= THE TASK =
What is needed here is an exact printout of the data, with no pictures included.

= COLLECTED DATA =
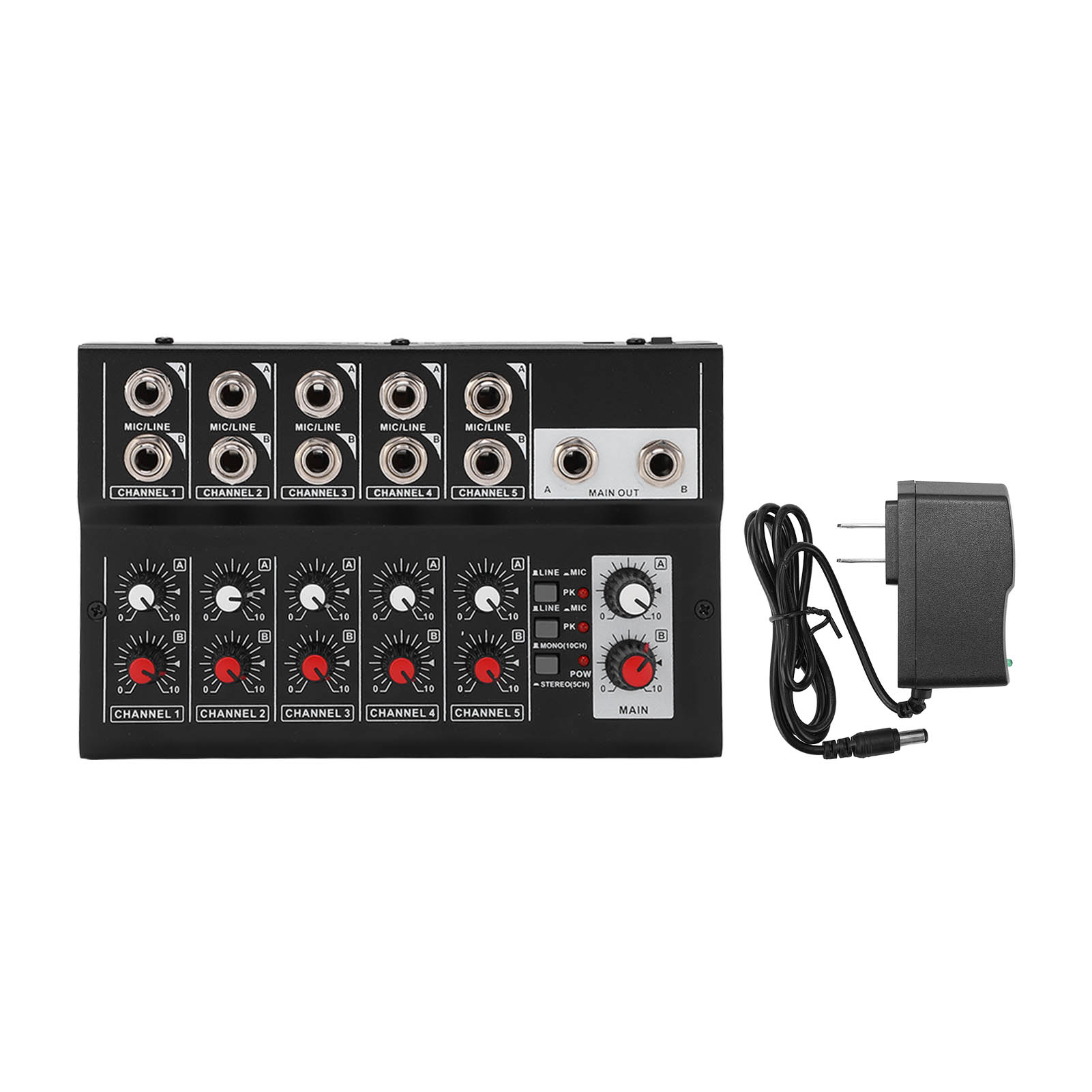 Audios Mixer, 2 Sorties de Canal 10 Canaux Mixer Entrée Microphone Console pour l'Enregistrement de Musique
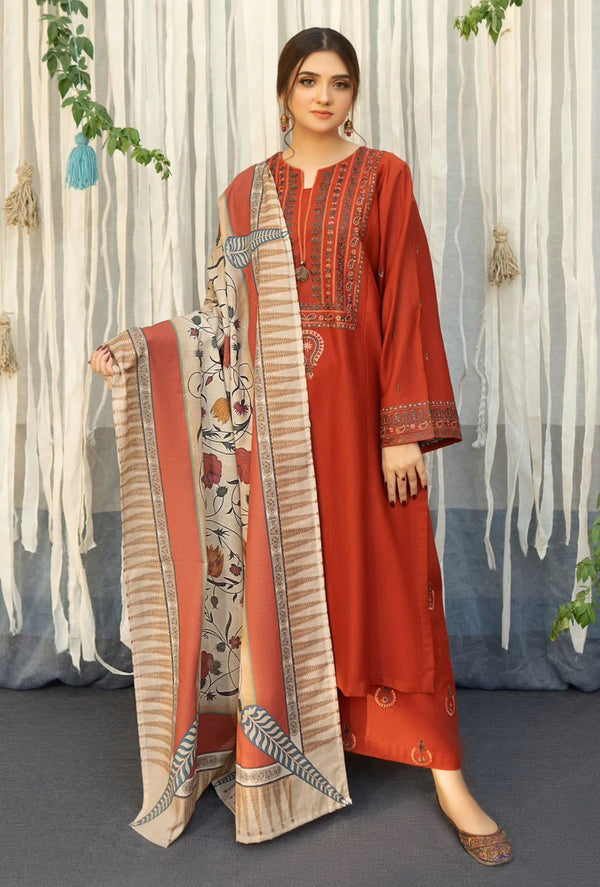 3-PC Dhanak EMBROIDERED DRESS DEALS OF THE DAY GUD 2536 FL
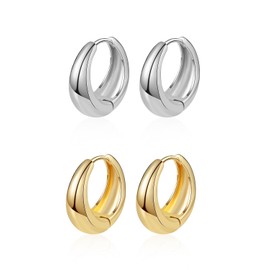 Aretes Mujer, Aretes Dorados Acero Inoxidable, Regalo de Cumpleaños Aniversario para Mujer, Regalos para Mamá 10 de Mayo (Aretes de Aro oro y plata)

= RESULT OF THE TASK =
 Audios Mixer, 2 Sorties de Canal 10 Canaux Mixer Entrée Microphone Console pour l'Enregistrement de Musique
 3-PC Dhanak EMBROIDERED DRESS DEALS OF THE DAY GUD 2536 FL
 Aretes Mujer, Aretes Dorados Acero Inoxidable, Regalo de Cumpleaños Aniversario para Mujer, Regalos para Mamá 10 de Mayo (Aretes de Aro oro y plata)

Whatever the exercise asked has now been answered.